First, last year was a bumper crop, and apparently the trees tend to get tired the following year. More importantly, the weather was lousy for olives, and great for insects like the olive fly. It lays eggs inside the fruit, the maggots dig their way out, and … yuck. There were other bugs too, and a fungus; they all had a great year. The International Olive Council projects that production will be down 27 percent worldwide. The world’s biggest producer is Spain, and production is down more than 50 percent there.

And while supplies are low, demand has grown in the past two decades. Global consumption is about 50 percent higher than in the early 1990s.

That means high prices, and a higher likelihood that more olive oil will be fake.

What gets sold as Italian extra-virgin olive oil often isn’t. It may not be Italian, may not be extra-virgin, and may not be 100 percent olive oil.
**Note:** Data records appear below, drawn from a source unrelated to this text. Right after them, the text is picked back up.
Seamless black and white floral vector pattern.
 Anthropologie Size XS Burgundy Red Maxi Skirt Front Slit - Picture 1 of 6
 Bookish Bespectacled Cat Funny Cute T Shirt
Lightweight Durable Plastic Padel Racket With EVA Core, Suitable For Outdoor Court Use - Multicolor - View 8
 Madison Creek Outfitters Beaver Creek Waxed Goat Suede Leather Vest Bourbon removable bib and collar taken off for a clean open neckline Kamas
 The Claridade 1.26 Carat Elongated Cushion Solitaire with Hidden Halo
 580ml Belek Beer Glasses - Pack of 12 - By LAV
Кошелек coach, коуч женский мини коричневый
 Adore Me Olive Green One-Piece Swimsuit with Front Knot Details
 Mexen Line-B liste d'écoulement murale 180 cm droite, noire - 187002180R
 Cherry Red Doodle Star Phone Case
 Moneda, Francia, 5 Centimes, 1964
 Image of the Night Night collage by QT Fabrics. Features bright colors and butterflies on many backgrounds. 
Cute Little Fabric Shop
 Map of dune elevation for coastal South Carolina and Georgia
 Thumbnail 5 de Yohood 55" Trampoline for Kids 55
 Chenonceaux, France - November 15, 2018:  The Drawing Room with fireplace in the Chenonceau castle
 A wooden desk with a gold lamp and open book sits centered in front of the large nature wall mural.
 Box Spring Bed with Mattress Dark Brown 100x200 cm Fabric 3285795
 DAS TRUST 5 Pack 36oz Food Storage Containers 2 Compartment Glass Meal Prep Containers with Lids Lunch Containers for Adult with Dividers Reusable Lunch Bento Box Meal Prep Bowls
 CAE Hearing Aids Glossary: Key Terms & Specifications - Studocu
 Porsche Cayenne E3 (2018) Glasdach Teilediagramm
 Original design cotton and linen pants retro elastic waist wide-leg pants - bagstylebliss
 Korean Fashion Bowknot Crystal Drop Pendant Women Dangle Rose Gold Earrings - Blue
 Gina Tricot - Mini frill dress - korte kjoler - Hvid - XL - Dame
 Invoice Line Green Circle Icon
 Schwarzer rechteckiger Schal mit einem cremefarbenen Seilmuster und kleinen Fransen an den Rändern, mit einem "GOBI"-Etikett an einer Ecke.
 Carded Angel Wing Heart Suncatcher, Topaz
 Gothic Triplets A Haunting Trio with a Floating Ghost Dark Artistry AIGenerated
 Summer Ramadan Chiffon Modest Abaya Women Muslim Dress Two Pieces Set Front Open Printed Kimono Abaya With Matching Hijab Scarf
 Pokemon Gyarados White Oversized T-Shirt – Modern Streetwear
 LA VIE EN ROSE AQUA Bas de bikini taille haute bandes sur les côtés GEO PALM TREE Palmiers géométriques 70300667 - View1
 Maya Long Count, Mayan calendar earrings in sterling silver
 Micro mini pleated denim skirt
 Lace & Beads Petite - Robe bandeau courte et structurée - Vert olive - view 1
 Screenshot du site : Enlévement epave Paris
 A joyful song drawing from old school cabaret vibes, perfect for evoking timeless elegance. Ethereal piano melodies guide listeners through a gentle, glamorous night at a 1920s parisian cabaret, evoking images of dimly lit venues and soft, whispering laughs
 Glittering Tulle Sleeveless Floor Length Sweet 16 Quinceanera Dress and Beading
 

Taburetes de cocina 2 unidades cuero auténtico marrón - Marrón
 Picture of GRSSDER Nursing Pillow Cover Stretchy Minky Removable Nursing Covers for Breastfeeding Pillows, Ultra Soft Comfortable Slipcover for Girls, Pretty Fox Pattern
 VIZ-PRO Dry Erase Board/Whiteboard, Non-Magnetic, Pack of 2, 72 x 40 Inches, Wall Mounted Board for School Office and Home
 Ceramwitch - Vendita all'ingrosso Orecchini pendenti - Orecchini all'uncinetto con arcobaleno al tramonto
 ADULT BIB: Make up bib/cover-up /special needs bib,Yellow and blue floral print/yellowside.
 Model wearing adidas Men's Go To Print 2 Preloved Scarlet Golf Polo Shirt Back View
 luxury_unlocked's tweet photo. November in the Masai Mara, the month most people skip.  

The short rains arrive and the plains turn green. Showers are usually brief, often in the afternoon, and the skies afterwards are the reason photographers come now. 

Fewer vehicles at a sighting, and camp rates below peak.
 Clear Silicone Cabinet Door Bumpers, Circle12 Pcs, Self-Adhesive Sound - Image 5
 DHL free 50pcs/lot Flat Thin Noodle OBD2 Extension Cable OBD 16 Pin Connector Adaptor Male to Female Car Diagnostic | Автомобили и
A lot of oil that’s bottled in Italy actually gets imported from elsewhere, and others have reported that some bottlers adulterate the product.

Tom Mueller — who wrote an exposé on the whole setup for the New Yorker, and then a book called “Extra Virginity”  told the L.A. Times recently that anything priced under 12 bucks a liter almost certainly wouldn’t be extra-virgin Italian olive oil from this year’s harvest.

On the other hand, production doubled in Greece this year. And it almost tripled in Tunisia. So a bottle that says it came from one of those two countries is more likely to be the real thing.